The Girl from the Lighthouse
Friends and fans gathered at the Tecolote Book Shop in Montecito’s upper village for a book signing of Willard Thompson’s latest novel, The Girl from the Lighthouse. His wife, Jo, had treats for us with rosé wine and finger sandwiches.
This is not Willard’s first historical novel. He has written a trilogy with Dream Helper, Delfina’s Gold,and Their Golden Dreams, plusanon–fiction book, Keepers of the Light: The History of the Point Conception Lighthouse.
The inspiration for this latest story was a painting Willard saw at our Museum of Art about the Victorian era in Paris. The painting is now on loan to the Paris Musée d’Orsay. It shows three generations of women who really couldn’t go anywhere without a chaperone. There is no Eiffel Tower in the background. It hadn’t been built yet. Willard and his wife Jo go to Paris every spring and live for a month so he has the real feel of France.
In Willard’s latest novel, Emma Dobbins is raised by her father, a lighthouse keeper at Point Conception. Her mother had left them. When her father dies, she is on her own and ends up as an artist in Paris where she was going to study at an art school. She had been sketching all her life. To discover what happens to her is a compelling story.
Willard says, “The best writing advice I ever received came from a playwright, not a published author. He showed me how to bring my reader and my characters as closely together as possible without intruding my own voice on them. During the process, I have serious conversations with my characters who often correct me when I get off track.”
Willard is a gold medal-winning historical fiction writer and a graduate of the Santa Barbara Writer’s Conference. He and Jo live in a charming guest cottage at Casa del Herrero in Montecito. If you’d like to contact Willard, his website is willard-thompson.com.
20th Fiesta Finale
The Profant Foundation for the Arts is celebrating their 20th Fiesta Finale gala at the El Paseo Restaurant. There are traditions, great cuisine, costumes galore, music, and flamenco dancing while raising funds for scholarships in dance, music, literature, and visual arts.
The picture you see on the cover has a very personal meaning for the four Profant daughters: Michele, Marie, Musette, and Mignonne. Lerin’s painting, “Spanish Dancer,” adorned their father John Profant’s office for years. He himself had danced flamenco and the petite brunette reminded him of his wife, Lyn. It became the first tableau for the launch of Fiesta Finale in 2000 – a painting come to life.
Nearly one hundred years ago the Profant family became involved in the cultural side of our community. John’s father was Dr. Henry Profant, who was a founding partner of Santa Barbara Clinic, later to join with Sansum Clinic. Henry and his wife Mabel helped found CAMA and were on their board for over 50 years. They also supported the Music Academy of the West. They brought classical music to the Courthouse Sunken Gardens to celebrate Fiesta.

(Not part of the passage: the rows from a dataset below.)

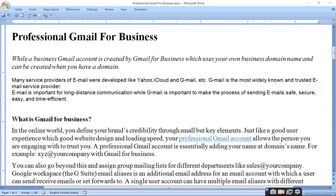Today I am going to tell you how to make a professional Gmail for business. A business Gmail account is created by Gmail for business which uses your own business domain name and can be created when you have a domain name.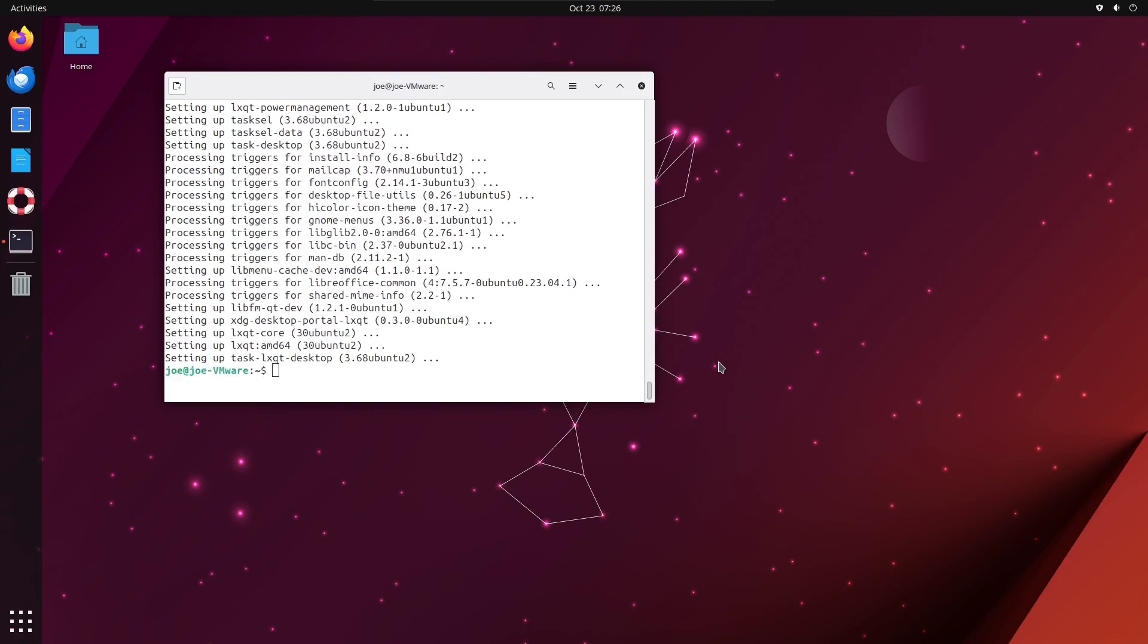If the installation completes and you haven't been asked to choose your display manager, type: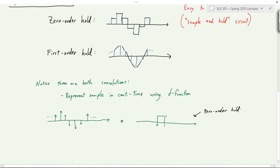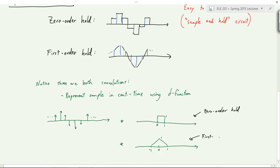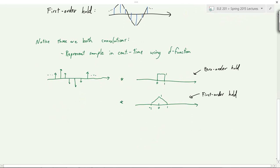What about the first-order hold — can we also represent that as a convolution? We can argue it's linear and time invariant, so it is a convolution. The impulse response is a triangle function. If we convolve the sampled signal with a triangle, we get the first-order hold — connecting the samples with piecewise linear segments. You can convince yourself with a little convolution practice.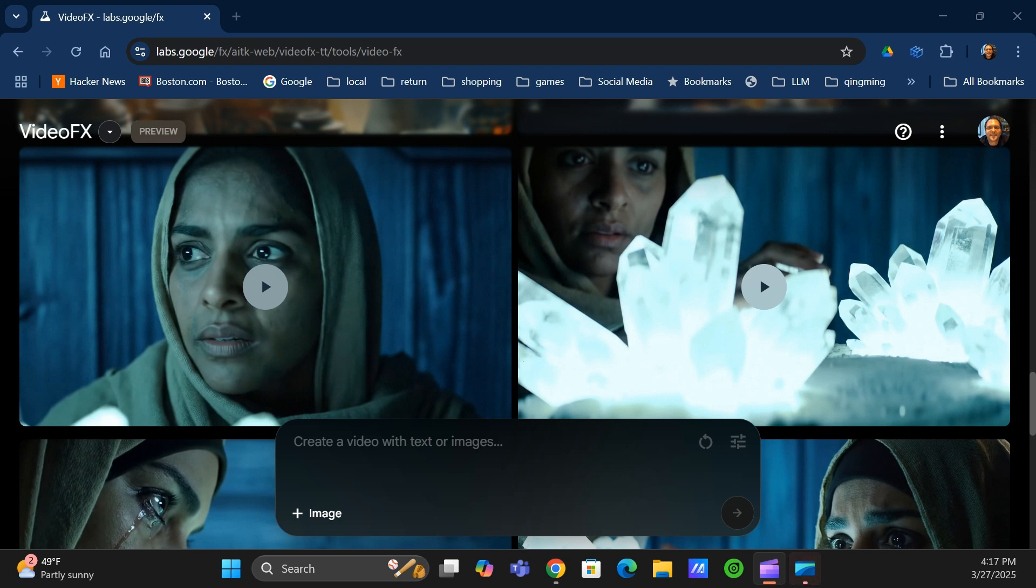Hey everyone, hope you're all doing well. I just wanted to let you know about a hot new feature that Google just dropped into VideoFX.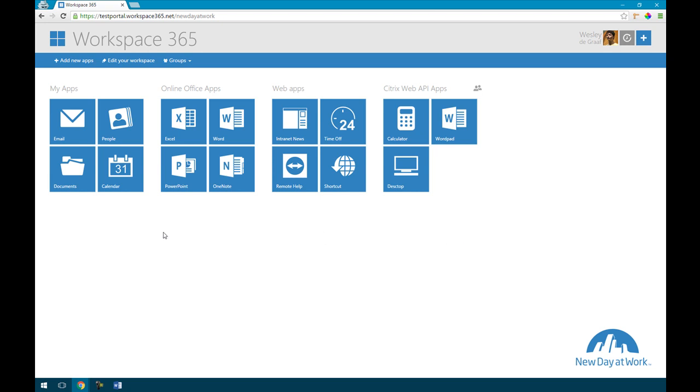First I'd like to show how we simplified Office 365 in this portal and afterwards I will show how you can make a difference between the cloud workers and the hybrid workers.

In 1950, a young woman and her sister visited the Courthouse tower and heard the docent describe how romantic the annual Fiesta was with the first full moon of August overhead. So the girls went to the heart of Fiesta at the time, El Paseo, where a handsome young man asked one of them to dance. He was a trained Jose Manero dancer (and had a business career) and she was a ballerina. That would be John Profant and Lyn. They soon married and raised four daughters, building a float for every Fiesta Children’s Parade to celebrate the anniversary of their meeting. The four girls remember standing on tiptoe, peeking in the El Paseo window to see the performances never dreaming they would one day be producing it.
At the Fiesta Finale there will be professional entertainment. Dancers Kristen and Serge Chmelnitzki, who own Arthur Murray Dance Studio, will be featured along with Ricardo Chavez and his fiery flamenco company. There’s always a costume contest that I judge. Just appear. I’ll find you.